Schools in Kent started on time this week after teachers approved a last-minute contract agreement. But the contentious negotiations left many union members feeling frustrated and they’ve voted on a resolution requesting that two school board directors resign.
Christie Padilla, president of the Kent Education Association, said that after teachers approved the contract agreement, they voted unanimously to call for School Board Directors Karen DeBruler and Debbie Straus to step down.
Teachers are frustrated that Straus and DeBruler have supported Superintendent Calvin Watts even after the union took a vote of no confidence in his leadership earlier this year, Padilla said. And she said teachers hold the two board members responsible for limiting teacher pay increases in spite of additional money the district is getting from the state.
“They’re good people, but at the same point, they have to realize that their leadership might be doing more harm to the community than it is helpful,” Padilla said.
DeBruler and Straus didn’t respond directly to requests for comment.
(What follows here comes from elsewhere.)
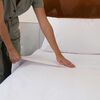 Juego de Sábanas Liso Linea Hotel 200 Hilos 1 Plaza Blanco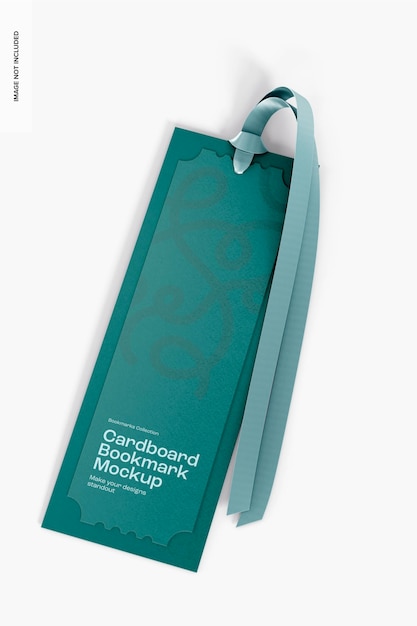 Rectangular Cardboard Bookmark Mockup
Watts said in a statement that the district is aware of the union’s requests for them to resign.
“We recognize that this has been a challenging summer as we prepare for the 2018-2019 school year,” Watts said. “As a district, we are committed to continuous improvement and financial stability, and we still have work to do. Each of our board members, including Directors Straus and DeBruler, are committed to our mission of successfully preparing all students for their futures. As challenging as the decisions our board must make, everything they do now is to ensure the financial solvency of Kent School District for years to come.”
The Kent school system has been mired in a budget crunch after overspending in recent years and has been trying to reduce costs through layoffs and attrition. Some community members have also said the district wasted money on a sole-source software purchase totaling more than $250,000 that Watts recently said didn’t work as expected.
Padilla said teachers approved an agreement for a 10 percent raise this school year and another 4.5 percent next year. But she said teachers were disappointed because the Washington Education Association had calculated that a 15 percent raise this year would be reasonable, given the money the district received from the state to satisfy the McCleary school-funding lawsuit.
“The school board of course set the parameters on our bargain, and people were really frustrated that those parameters were so restrictive and the bargaining team was not able to negotiate the full amount of the McCleary money that was due to them,” Padilla said.